Ladies and gentlemen, this is Divgi Torqtransfer Systems Ltd — India’s largest EV transmission manufacturer — currently delivering its highest-ever quarterly revenue while still earning a return on capital that would make a fixed deposit smirk.
Q3 FY26 sales came in at ₹90.6 crore versus ₹52.5 crore last year. PAT doubled to ₹11.8 crore. Margins improved. Order book looks strong. Exports rising. EV dreams alive.
And yet… ROCE sits at 5.69%.
So what’s going on? Is this the early innings of a drivetrain revolution?

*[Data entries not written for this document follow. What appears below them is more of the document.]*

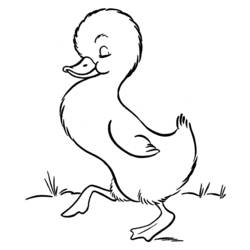 Coloring page: Duck (Animals) #1479 - Free Printable Coloring Pages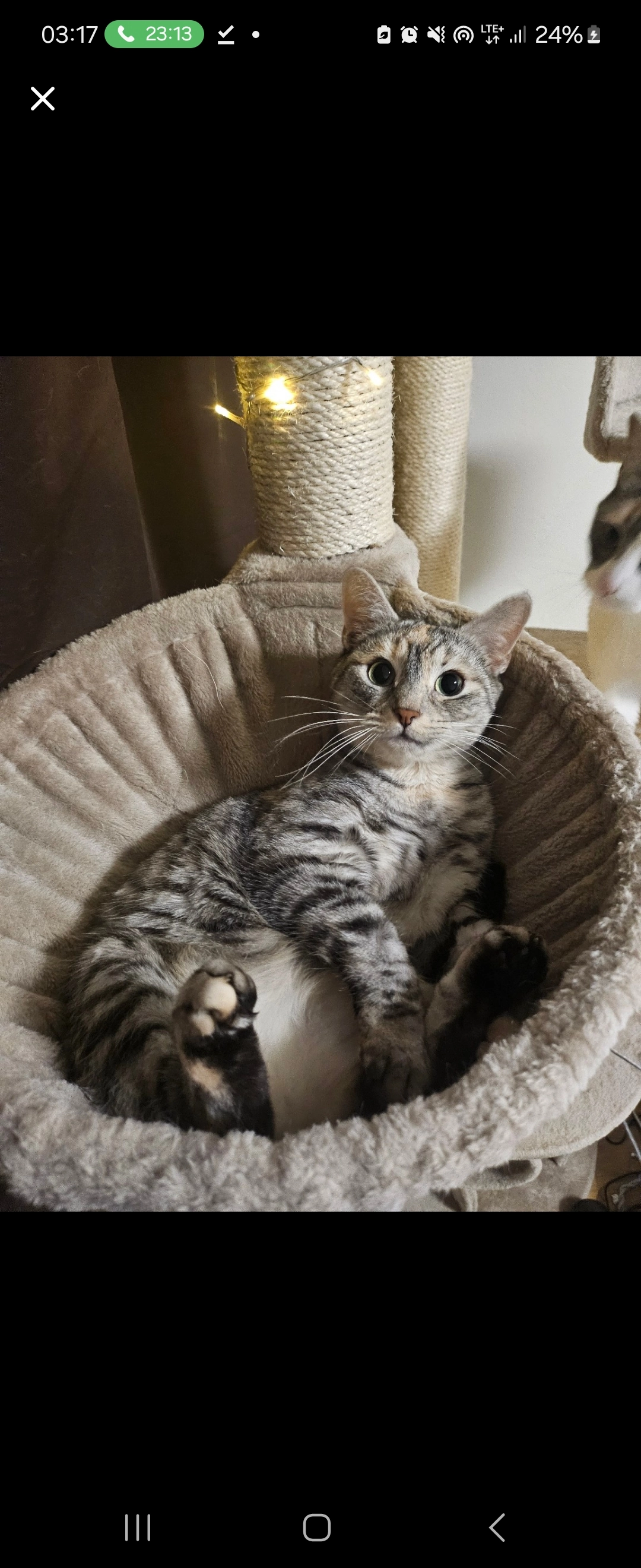 Crazy - Wallstraße, Northeim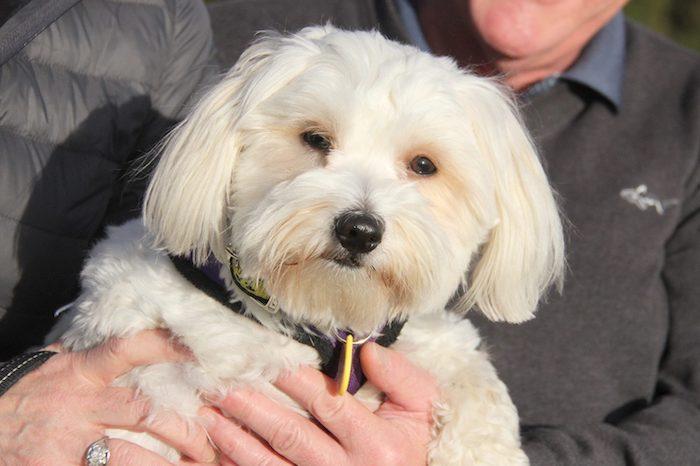 Dogs Trust rehome first dog of the year – on the first day of the year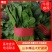 【山东菠菜】大叶菠菜；大量上市货源充足现采现发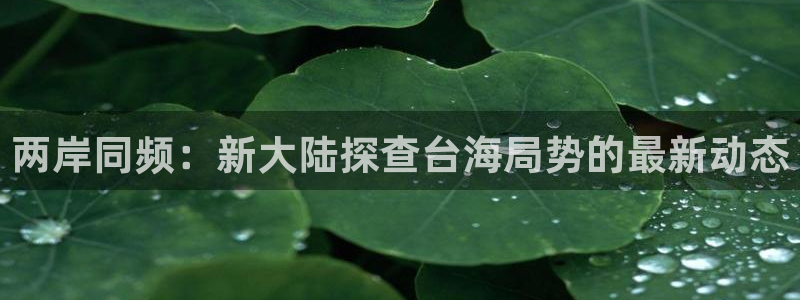 三牛娱乐：两岸同频：新大陆探查台海局势的最新动态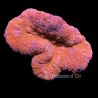 Lobophyllia rouge 8-10 cm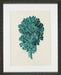 Aqua Coral on Khaki II 8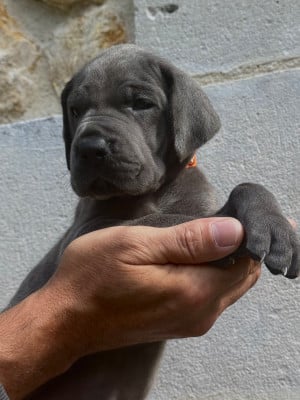 Les chiots de Dogue allemand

Or is the market already pricing in a Formula 1 engine while the company is still tuning its gearbox?
Let’s open the bonnet.
2. Introduction – The 60-Year Veteran Trying to Go Electric
Divgi was incorporated in 1964. When India was still figuring out scooters, Divgi was already machining drivetrain components.
Fast forward 60+ years.
They now make:
- Transfer cases
- Manual transmissions
- Automatic transmission components
- EV transmissions
- Synchronizers
They operate four manufacturing plants. Shirwal houses India’s largest dedicated EV transmission facility.
The company went public in March 2023, raising ₹412.12 crore via IPO.
Since then?
Revenue dipped from FY23 highs.
Margins compressed.
Returns fell.
And then suddenly — Q3 FY26 happened.
Now revenue is surging again.
The big question is:
Is this a structural growth phase? Or a temporary volume recovery?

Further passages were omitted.